Does Programming equal Refactoring?

1 minute read

This infographics presents how TCR increases the share of refactoring in TDD. But Refactoring is already most of our daily work! We’d better learn it seriously.

Drawing of the TDD Red-Green-Refactor loop along the TCR loop. In the TCR loop, Red is reduced to a dot, green is small, but Refactor takes 95% of the circle.
By Philippe Bourgau, under CC BY-SA 4.0, high resolution image

TCR stands for test && commit || revert. It started as an experiment by Kent Beck. It’s a script that automatically commits or reverts whether the tests pass or fail.

TCR is the ‘natural’ evolution of TDD. Kent Beck has been arguing for a long time to

Make the change easy, then make the change

When you follow this mantra, even without TCR, most of your work becomes refactoring.

Why refactoring?

Programmers, especially juniors, often shun refactoring. We are afraid of Legacy code. We tend to look for greenfield projects, to avoid refactoring other people’s code.

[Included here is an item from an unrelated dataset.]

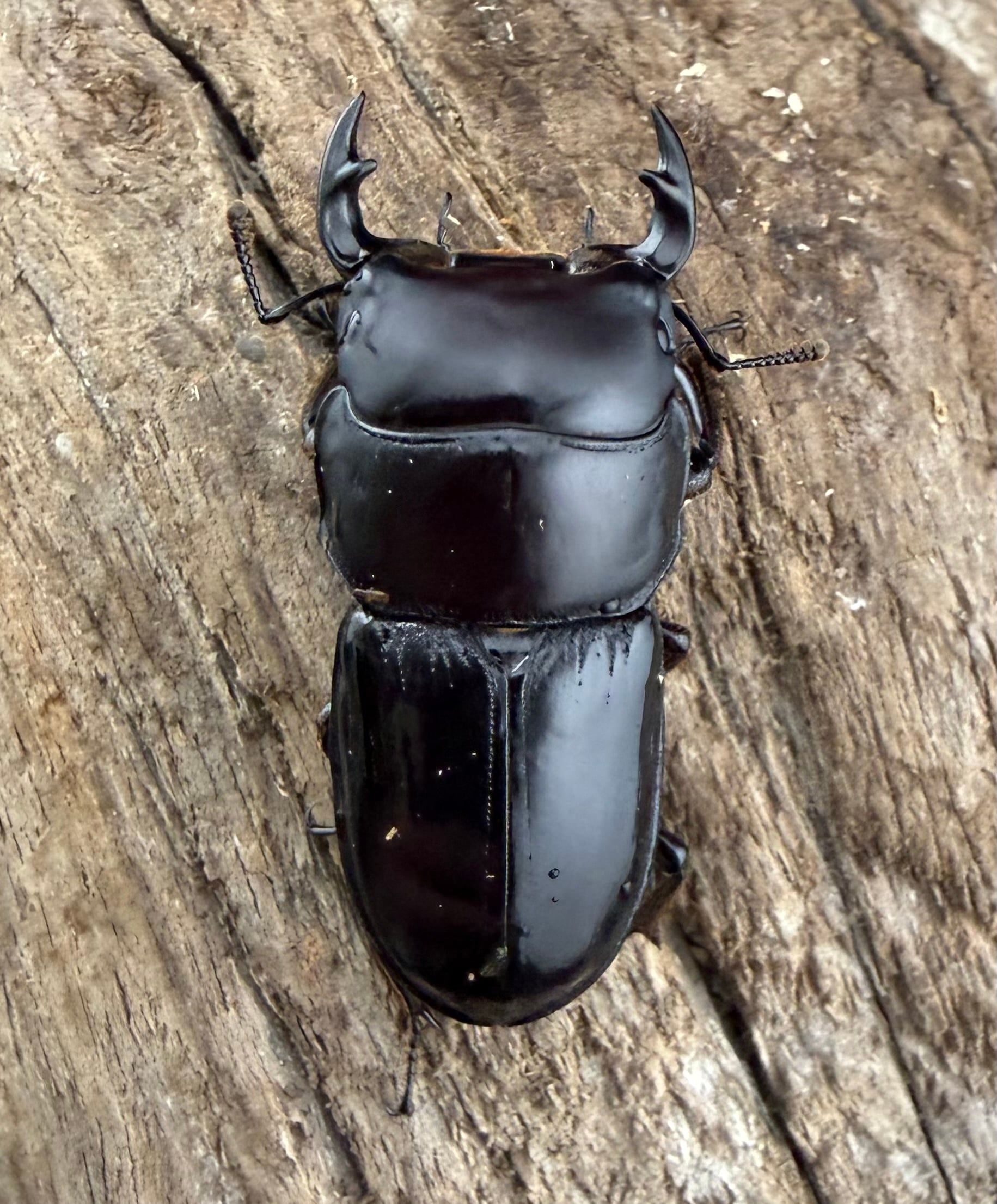 スキットオオクワガタ 33mm ペア》 | KPW公式オンラインショップ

Done well, I actually find Refactoring pretty rewarding. I know I’m making the lives of my teammates easier every time I improve a line of code. When all the team does it, it creates a sustainable pace, which dribbles down on all aspects of our lives.

Start now!

We can learn TDD refactoring techniques, like any skill. Reading a few books and starting a coding dojo will get you on good tracks.